A reunião desta terça-feira, por conta desse clima de sutil enfrentamento, decorreu um pouco nessa teia de contradições. O motivo do encontro deu-se, obviamente, mais em função da necessidade que o secretário executivo do ministério, Márcio Tavares, tinha de responder à acusação de que foi objeto – ele tornou-se foco de reportagens em alguns veículos de imprensa nos últimos dias por supostamente demonstrar uma proximidade maior com os interesses da Strima do que do audiovisual brasileiro. Tavares, de fato, demonstrou estar “mordido”: “Aqui no ministério ninguém trabalha fazendo acordo prévio, ninguém trabalha fazendo movimentos por trás, ninguém aqui tá operando por trás da ministra (Margareth Menezes)”, defendeu-se, anunciando um processo contra a jornalista de um site por conta das ilações. “Então queria dizer para vocês que, da minha parte, eu estou indignado, eu vou buscar todos os meios políticos, todos os meios técnicos, todos os meios jurídicos para defender a minha integridade, porque isso não tá em negociação nesse momento”.

A ministra Margareth Menezes está em férias (a secretária do Audiovisual, Joelma Gonzaga, está hospitalizada na Bahia). Tavares, ministro interino, está em campo em diversas frentes, e não apenas tentando minorar os efeitos de seu presumível comportamento ambíguo na condução das políticas do audiovisual. Age buscando um providencial apoio de prestígio, e principalmente nos bastidores: nesta quinta-feira, 24, às 19 horas, ele será o anfitrião de um jantar para artistas seletos oferecido pela presidente de Conteúdo e Programação da Empresa Brasil e Comunicação (EBC), Antonia Pellegrino. “É uma oportunidade de diálogo, esclarecimentos e atualização sobre o andamento das coisas neste conturbado 2025”, diz o convite. A questão é de representatividade: o audiovisual brasileiro não pode ser um assunto restrito à visibilidade e ao trânsito entre o Leblon e o Jardim Europa.

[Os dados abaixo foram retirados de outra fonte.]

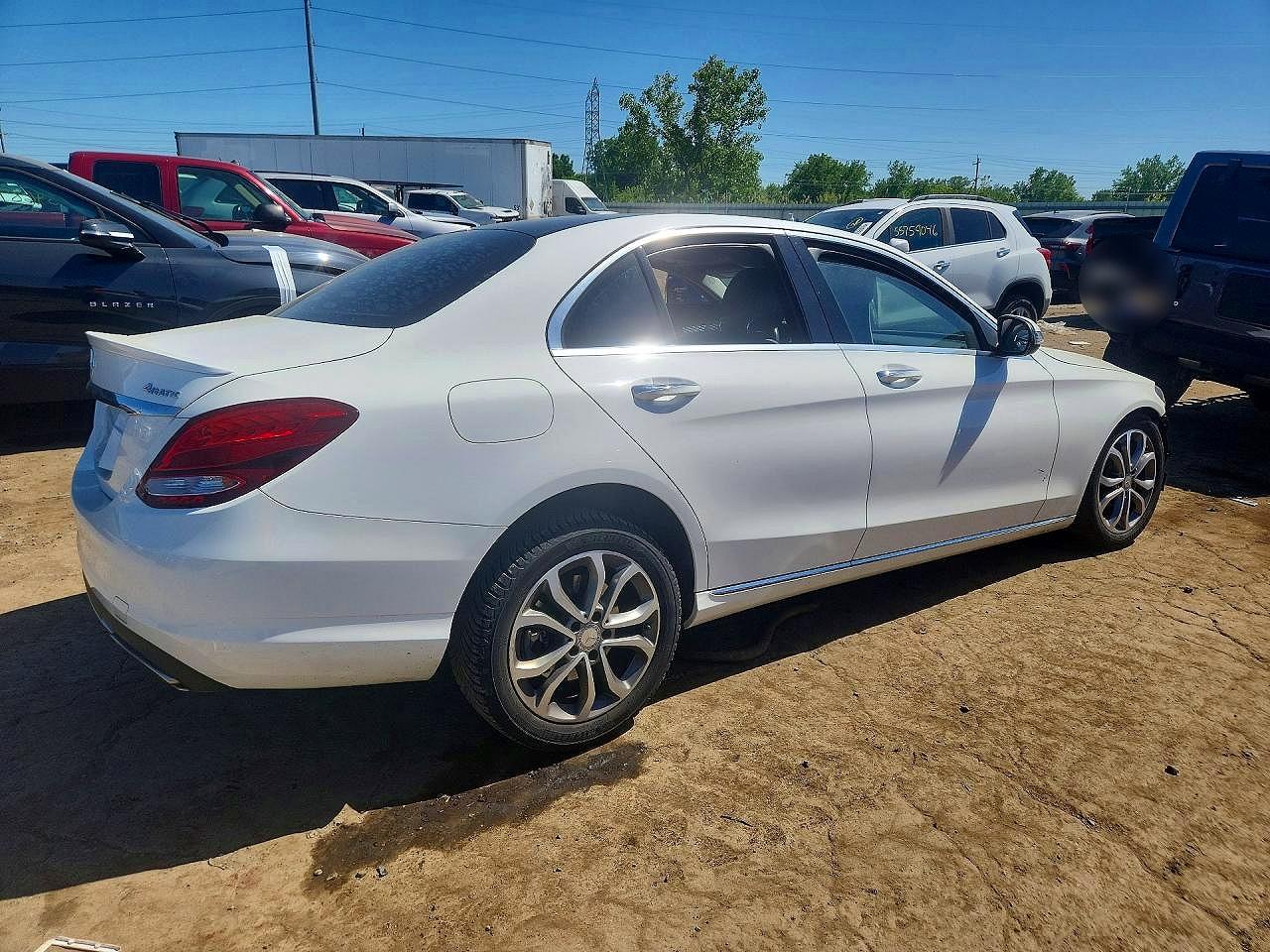 Mercedes-Benz C-Class 300 4matic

O mercado brasileiro de streaming tem uma previsão de alcançar 85 milhões de assinantes em 2028, com receitas superiores a 30 bilhões de reais. A diferença de uma taxação de 6% para 3% pode resultar num prejuízo expressivo (ou num ganho providencial) para os cofres públicos. Se estão achando espinhoso negociar com os estadunidenses o tarifaço imposto de 50% ao Brasil por Donald Trump, saibam que está parecendo muito mais difícil o Brasil se convencer da necessidade urgente de taxar em menos de 2 dígitos as empresas estrangeiras que exploram o mercado de streaming aqui no País, e que hoje não pagam nem um centavo.